The Ed25519 key format (https://ed25519.cr.yp.to) is associated with Daniel J. Bernstein, who has such a preeminent reputation in modern cryptography that the field is becoming a DJB monoculture (www.metzdowd.com/pipermail/cryptography/2016-March/028824.html). The Ed25519 format is deigned for speed, security and size economy. If all of your SSH servers are recent enough to support Ed25519, then use it, and consider nothing else.

Guidance on creating Ed25519 keys suggests 100 rounds for a work factor in the “-o” secure format (https://blog.g3rt.nl/upgrade-your-ssh-keys.html). Raising the number of rounds raises the strength of the encrypted key against brute-force attacks (should a file copy of the private key fall into hostile hands), at the cost of more work and time in decrypting the key when ssh-add is executed.
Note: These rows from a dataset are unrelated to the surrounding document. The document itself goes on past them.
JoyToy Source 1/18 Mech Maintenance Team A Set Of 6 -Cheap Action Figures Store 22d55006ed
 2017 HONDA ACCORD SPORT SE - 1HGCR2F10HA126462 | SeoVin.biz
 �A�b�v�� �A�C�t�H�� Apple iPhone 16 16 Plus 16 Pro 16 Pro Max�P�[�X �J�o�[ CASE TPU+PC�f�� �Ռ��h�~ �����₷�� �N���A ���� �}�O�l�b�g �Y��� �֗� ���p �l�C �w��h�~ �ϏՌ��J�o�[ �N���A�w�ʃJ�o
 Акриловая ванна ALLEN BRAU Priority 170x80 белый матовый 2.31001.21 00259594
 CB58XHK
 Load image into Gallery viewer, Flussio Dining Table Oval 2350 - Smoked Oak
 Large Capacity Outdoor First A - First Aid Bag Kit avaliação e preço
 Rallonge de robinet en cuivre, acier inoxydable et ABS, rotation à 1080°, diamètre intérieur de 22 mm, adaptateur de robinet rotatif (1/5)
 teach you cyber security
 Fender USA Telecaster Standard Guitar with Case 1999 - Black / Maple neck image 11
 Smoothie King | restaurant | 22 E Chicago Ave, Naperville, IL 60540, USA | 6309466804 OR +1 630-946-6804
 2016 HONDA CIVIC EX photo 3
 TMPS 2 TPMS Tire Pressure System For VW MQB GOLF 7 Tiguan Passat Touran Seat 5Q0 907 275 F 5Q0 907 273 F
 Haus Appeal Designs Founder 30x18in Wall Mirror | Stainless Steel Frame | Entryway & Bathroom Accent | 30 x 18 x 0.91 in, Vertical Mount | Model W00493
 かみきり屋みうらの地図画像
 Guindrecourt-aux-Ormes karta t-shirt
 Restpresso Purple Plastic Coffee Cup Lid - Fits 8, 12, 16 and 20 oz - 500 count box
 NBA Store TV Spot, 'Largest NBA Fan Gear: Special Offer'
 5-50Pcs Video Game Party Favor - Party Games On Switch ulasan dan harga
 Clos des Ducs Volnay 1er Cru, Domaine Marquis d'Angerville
Although there always is controversy and discussion with security advances (https://news.ycombinator.com/item?id=12563899), I will repeat the guidance here and suggest that the best format for a newly created SSH key is this:

ssh-keygen -a 100 -t ed25519

Your systems might be too old to support Ed25519—Oracle/CentOS/Red Hat 7 have this problem (the 7.1 release introduced support). If you cannot upgrade your old SSH clients and servers, your next best option is likely E-521, available in the ECDSA key format.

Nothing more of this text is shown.